If, on the other hand, the evaluating or treating physician opines that 80% of the permanent total disability is due to the second injury and 20% is due to the earlier specific injury, then the question becomes whether or not a vocational expert could present competent evidence that the sole cause of the total loss of earning capacity was due to the second injury since the Applicant was able to return to his or her usual and customary occupation until the second injury occurred.

This analysis can and should be used in the context of a workers’ compensation case in which the Applicant is utilizing a vocational expert opinion by report to rebut a rating string or under Labor Code Section 4662(b) where there is apportionment by a physician for medical reasons. The most important factor here is that all vocational experts must take into consideration in their conclusions the medical apportionment finding under Labor Code Section 4663 by the treating and evaluating physicians.

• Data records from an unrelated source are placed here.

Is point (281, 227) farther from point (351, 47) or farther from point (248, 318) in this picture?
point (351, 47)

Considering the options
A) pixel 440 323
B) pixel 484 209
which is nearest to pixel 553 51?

Finally, can counsel utilize vocational expert opinion in order to increase a permanent disability rating that is less than 100% to a higher rating that is less than 100% permanent total disability? In dicta, the Court of Appeal in Dahl expressed its doubt that an Applicant can successfully rebut a permanent disability rating string in order to increase the award based on a different loss of future earnings projection caused by the industrial injury [see Contra Costa County v. Workers’ Comp. Appeals Bd. (Dahl) (2015) 240 Cal. App. 4th 746, 761 n.6, 193 Cal. Rptr. 3d 7, 80 Cal. Comp. Cases 1119]. However, the court did not specifically address the issue in Dahl since the vocational rehabilitation expert failed to indicate that the Applicant was not amenable to retraining. The court did not expressly reverse any of the three rebuttal methods described in Ogilvie v. Workers’ Comp. Appeals Bd. [(2011) 197 Cal. App. 4th 1262, 1274-1275, 129 Cal. Rptr. 3d 704, 76 Cal. Comp. Cases 624]. However, the court in Dahl seems to have confused the three methods of rebuttal described by the court in Ogilvie by focusing only on a rebuttal under LeBoeuf rather than an Ogilvie rebuttal method that addresses the DFEC adjustment.

The take-aways here are for counsel to always be aware of the need to prove that an injured worker is not amenable for retraining as the first element to prove a higher permanent disability rating to rebut the DFEC adjustment or perhaps the “adjustment factor.” Secondly, the Applicant bears the burden in a Labor Code Section 4662(b) or any kind of LeBoeuf case to show that apportionment of permanent disability by a medical physician has been considered by any vocational expert opinion. Finally, the evaluating physicians should always review a vocational expert’s opinion and vice versa.